I remember when I was at Red Hat I did a thought experiment: what is the minimal amount of work an attacker could do to cause the maximum amount of effort by a security team?

This was over 10 years ago and a lot of what we were experiencing and what I came up with back then is now trivial for attackers thanks things to these LLM‘s.

And the problem is you can’t have a skill testing question or something because occasionally somebody will find a gem in the rough and report it, and risk of missing that is seen as not acceptable by most people.
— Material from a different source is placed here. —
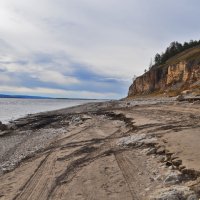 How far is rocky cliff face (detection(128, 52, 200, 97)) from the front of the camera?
84.1 metres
I don’t know what the future bolts for open source security reporting, but I have a suspicion. Things are gonna have to change in the next few years. People are going to get burnt out.

Edit: for readability

This entry was edited (6 months ago)
in reply to kurtseifried (he/him)

daniel:// stenberg://
daniel:// stenberg://
@kurtseifried right, it is fortunate as long as the bad ones are this easy to detect and dismiss, It is going to get worse when we get overloaded with submissions that are less easy to discard early...
@kurtseifried (he/him)
in reply to daniel:// stenberg://

Adam Piggott
Adam Piggott
Bard doing bard things - writing entertaining stories that are nothing more than myth. All it needs is a lute and a penchant for rough taverns.
in reply to daniel:// stenberg://

Patrick $8 :verified:
Patrick $8 :verified:
I suspect the reporter's last comment in that thread was also written by an LLM
in reply to daniel:// stenberg://

Ingvar
Ingvar
On the plus side, they pretty much started with "I asked the Bard". Imagine if that bit had not been there?
in reply to daniel:// stenberg://

SuperIlu
SuperIlu
That LLM crap keeps giving and giving. Can't we just uninvent it please?
in reply to daniel:// stenberg://

Andreas Scherbaum
Andreas Scherbaum
I'm still in favor for charging people who abuse LLMs and trust their output without verification.
in reply to daniel:// stenberg://

Dan Bergh Johnsson
Dan Bergh Johnsson
This is wonderfully bizarre. As I understand it, Bard has had a hallucination and dreamt up a leak before public disclosure - including the details of not-yet-released material.
Makes me wonder: how off are these hallucinations? Are they anywhere closely resembling the truth? Or partial? Or in the correct region?
in reply to Dan Bergh Johnsson

Brodie Robertson
Brodie Robertson
@danbjson This seems to be using the bogus CVE 2020-19909 as a base and then synthesizing fake functions around it
@Dan Bergh Johnsson
in reply to Brodie Robertson

daniel:// stenberg://
daniel:// stenberg://
exactly. It seems "inspired" mostly by 19909, and then adds a mishmash of weirdo inconsistent details. The mention of 38545 and 8.4.0 indicate it actually knows at least they exist. Possibly because they were used in the prompt?
This entry was edited (6 months ago)
in reply to daniel:// stenberg://

Dan Bergh Johnsson
Dan Bergh Johnsson
@BrodieOnLinux Bard is continuously connected to internet, isn’t it? So it could snap up the news about 8.4.0 from other news sources, couldn’t it? Though “from the prompt” sounds more plausible.
@Brodie Robertson
in reply to daniel:// stenberg://

soc
soc
I love your restraint.
My reply would have certainly contained the phrase "fucking idiot".